There is ALWAYS a way.

Comment author: Perplexed 03 January 2011 08:07:34PM 2 points [-]

That exploit works against a hyperbolic discounter who today wants to work tomorrow, but tomorrow doesn't want to work today.

It doesn't work against Clippy's example of an exponential discounter who doesn't want to work today and knows that tomorrow he still won't want to work today, but still claims to want to work someday, even though he can't say when.

Our agent cannot reason from "I want to work someday" to "There exists a day in the finitely distant future when I will want to work". He is missing some kind of reverse induction axiom. We agree that there is something wrong with this agent's thinking.

But, I don't see how to exploit that flaw.

Comment author: Clippy 03 January 2011 09:00:42PM *  1 point [-]

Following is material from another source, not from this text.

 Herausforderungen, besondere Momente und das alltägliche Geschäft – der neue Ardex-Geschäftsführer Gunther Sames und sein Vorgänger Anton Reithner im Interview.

It doesn't work against Clippy's example of an exponential discounter who doesn't want to work today and knows that tomorrow he still won't want to work today, but still claims to want to work someday, even though he can't say when.

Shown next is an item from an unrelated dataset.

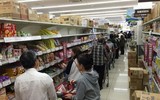 Hàng triệu người phải di tản, hàng hóa siêu thị bị 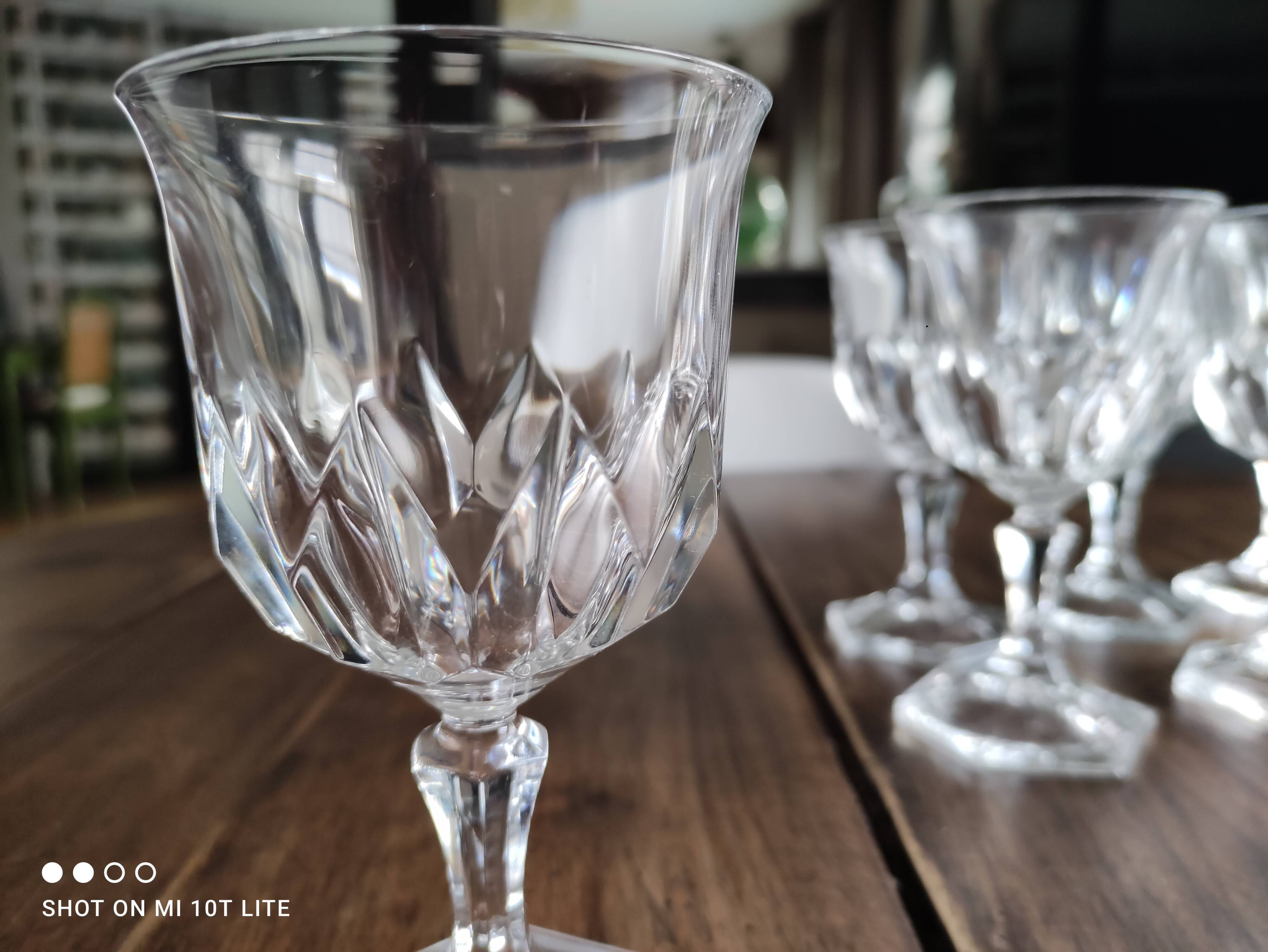 Lot de 7 verres à vin blanc en verre ancien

Almost. It depends on the agent's computational abilities. From the criteria I specified, it is unclear whether the agent realizes that tomorrow its decision theory will output the same action every day (i.e. that it recognizes the symmetry between today and tomorrow under the current decision theory).

If you assume the agent correctly infers that its current decision theory will lead it to perpetually defer work, then it will recognize that the outcome is suboptimal and search for a better decision theory. However, if the agent is unable to reach sufficient (correct) logical certainty about tomorrow's action, then it is vulnerable to the money pump that User:Will_Sawin described.

I was working from the assumption that the agent is able to recognize the symmetry with future actions and so did not consider the money pump that User:Will_Sawin described. Such an agent is still, in theory, exploitable, because (under my assumptions about how such an agent could fail), the agent will sometimes conclude that it ought to work, and sometimes that it ought not, with the money-pumper profiting from the (statistically) predictable shifts.

Even so, that would require that the agent I specified use one more predicate in its decision theory -- some source of randomness.